"""

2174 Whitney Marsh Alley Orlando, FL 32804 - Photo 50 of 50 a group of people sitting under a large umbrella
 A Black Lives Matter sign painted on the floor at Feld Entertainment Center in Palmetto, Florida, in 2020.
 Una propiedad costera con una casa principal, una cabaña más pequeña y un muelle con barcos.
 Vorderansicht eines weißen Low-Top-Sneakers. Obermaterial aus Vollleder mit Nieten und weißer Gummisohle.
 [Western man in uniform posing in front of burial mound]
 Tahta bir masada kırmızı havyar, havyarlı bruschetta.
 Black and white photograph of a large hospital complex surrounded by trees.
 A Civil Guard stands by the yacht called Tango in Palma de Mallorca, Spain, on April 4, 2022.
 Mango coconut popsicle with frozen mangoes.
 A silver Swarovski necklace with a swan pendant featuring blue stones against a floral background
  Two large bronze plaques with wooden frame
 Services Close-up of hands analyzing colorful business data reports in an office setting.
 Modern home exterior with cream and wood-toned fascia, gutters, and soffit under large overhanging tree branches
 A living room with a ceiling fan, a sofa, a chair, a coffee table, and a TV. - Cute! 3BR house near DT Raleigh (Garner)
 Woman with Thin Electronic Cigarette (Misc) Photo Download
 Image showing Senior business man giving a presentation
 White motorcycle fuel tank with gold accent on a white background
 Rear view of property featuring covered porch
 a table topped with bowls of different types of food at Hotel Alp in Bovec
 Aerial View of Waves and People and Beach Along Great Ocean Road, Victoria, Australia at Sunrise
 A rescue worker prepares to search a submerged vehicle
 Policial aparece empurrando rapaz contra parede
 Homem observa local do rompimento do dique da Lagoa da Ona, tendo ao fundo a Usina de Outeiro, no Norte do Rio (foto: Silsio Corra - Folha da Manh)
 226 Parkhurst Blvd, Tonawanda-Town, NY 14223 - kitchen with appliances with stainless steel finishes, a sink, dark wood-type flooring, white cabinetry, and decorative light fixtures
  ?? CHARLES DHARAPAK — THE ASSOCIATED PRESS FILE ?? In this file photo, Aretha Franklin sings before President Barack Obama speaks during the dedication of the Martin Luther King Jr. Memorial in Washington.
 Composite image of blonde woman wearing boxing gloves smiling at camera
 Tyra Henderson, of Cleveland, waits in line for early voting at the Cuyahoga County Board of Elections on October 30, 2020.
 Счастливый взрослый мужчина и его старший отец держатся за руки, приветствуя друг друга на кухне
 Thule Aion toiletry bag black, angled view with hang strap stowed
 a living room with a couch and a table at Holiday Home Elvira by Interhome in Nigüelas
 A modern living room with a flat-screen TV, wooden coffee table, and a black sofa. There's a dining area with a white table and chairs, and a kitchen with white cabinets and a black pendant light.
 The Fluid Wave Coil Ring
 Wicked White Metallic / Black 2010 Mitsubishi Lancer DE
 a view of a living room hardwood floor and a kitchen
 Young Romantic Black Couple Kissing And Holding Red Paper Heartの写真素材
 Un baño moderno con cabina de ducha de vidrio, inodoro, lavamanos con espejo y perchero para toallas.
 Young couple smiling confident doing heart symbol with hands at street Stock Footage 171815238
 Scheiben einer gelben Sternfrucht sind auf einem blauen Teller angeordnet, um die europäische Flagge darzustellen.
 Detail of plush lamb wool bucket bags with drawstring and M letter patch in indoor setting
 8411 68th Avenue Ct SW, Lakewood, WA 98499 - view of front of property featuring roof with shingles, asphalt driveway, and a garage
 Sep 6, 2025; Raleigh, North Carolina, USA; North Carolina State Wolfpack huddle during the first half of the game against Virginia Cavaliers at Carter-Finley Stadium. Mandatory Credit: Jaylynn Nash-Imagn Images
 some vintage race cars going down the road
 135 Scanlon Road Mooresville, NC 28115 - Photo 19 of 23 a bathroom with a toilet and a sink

"""

** ABOUT THIS EXERCISE **
Please give back exactly the lines of this listing beginning at the line with "White motorcycle fuel" and ending with the line with "Thule Aion toiletry", both included, and nothing else.

** ANSWER BOX **
 White motorcycle fuel tank with gold accent on a white background
 Rear view of property featuring covered porch
 a table topped with bowls of different types of food at Hotel Alp in Bovec
 Aerial View of Waves and People and Beach Along Great Ocean Road, Victoria, Australia at Sunrise
 A rescue worker prepares to search a submerged vehicle
 Policial aparece empurrando rapaz contra parede
 Homem observa local do rompimento do dique da Lagoa da Ona, tendo ao fundo a Usina de Outeiro, no Norte do Rio (foto: Silsio Corra - Folha da Manh)
 226 Parkhurst Blvd, Tonawanda-Town, NY 14223 - kitchen with appliances with stainless steel finishes, a sink, dark wood-type flooring, white cabinetry, and decorative light fixtures
  ?? CHARLES DHARAPAK — THE ASSOCIATED PRESS FILE ?? In this file photo, Aretha Franklin sings before President Barack Obama speaks during the dedication of the Martin Luther King Jr. Memorial in Washington.
 Composite image of blonde woman wearing boxing gloves smiling at camera
 Tyra Henderson, of Cleveland, waits in line for early voting at the Cuyahoga County Board of Elections on October 30, 2020.
 Счастливый взрослый мужчина и его старший отец держатся за руки, приветствуя друг друга на кухне
 Thule Aion toiletry bag black, angled view with hang strap stowed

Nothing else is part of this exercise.